Who founds these firms?

Next, the team zoomed in on the people running the most powerful firms. They built a sample of 806 founders, directors, and top managers at the 40 largest American firms in investment banking, asset management, private equity, and hedge funds as of 2018. For each person they coded gender, race (using US Census categories based on photographs), and social class, measured by whether the individual had attended an Ivy League university. They also collected data on MBAs, PhDs, business or science degrees, and memberships in elite networks like the Council on Foreign Relations.

Of the 63 people who founded these top firms between 1975 and 2006, 97% were white men. Nearly 60% had Ivy League degrees, compared with 46% of managers at hybrid firms and only 37% at public firms. Many founders had previously worked together at the same bank, often in the same department, before striking out to build their own shops. Using logistic regression models that controlled for education and network memberships, the researchers found that being male raised the probability of being a founder by about seven percentage points, and being white raised it by about five points, compared with other top finance professionals.

Who gets promoted today?

The researchers then asked whether these patterns persist in the current generation of leaders. They compared executives at hybrid firms with those at public corporations. After accounting for education and network memberships, men, white individuals, and Ivy League graduates each had about an 11 percentage point higher chance of sitting at the top of a hybrid firm than a public one.

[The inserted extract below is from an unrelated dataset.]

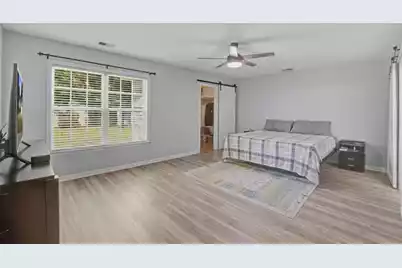 415 Black Horse Road, Moncks Corner, SC 29461 - Photo 22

The authors describe a chain of events to explain this. In hybrid firms, there are fewer formal rules, less public scrutiny, and less regulatory oversight. In that setting, hiring and promotion lean more on personal trust. Because investors, partners, and potential hires tend to extend trust more readily to people who resemble them socially, attributes like being white, male, or holding an Ivy League degree function as informal credentials. Public corporations, with their formal procedures and disclosure rules, appear to blunt this dynamic somewhat, though they hardly eliminate it.

What it means for business

For business leaders, investors, and anyone tracking diversity in finance, the study offers a few takeaways. Diversity efforts focused only on large public banks may miss a big part of the picture, since the fastest-growing, highest-paying corners of finance (hedge funds and private equity) operate under different rules and are less transparent. The legal structure of a firm, often treated as a technicality, turns out to be linked to who ends up in charge.

A few caveats are worth noting. The research is correlational, not experimental, so it cannot prove that hybrid structures directly cause elite reproduction. Ivy League attendance is an imperfect proxy for upper-class background. And the sample focuses on the 40 largest US firms, so smaller or newer entrants may behave differently. Still, the overall picture the authors describe is one in which finance has not fully shed its old patterns. It has reorganized them.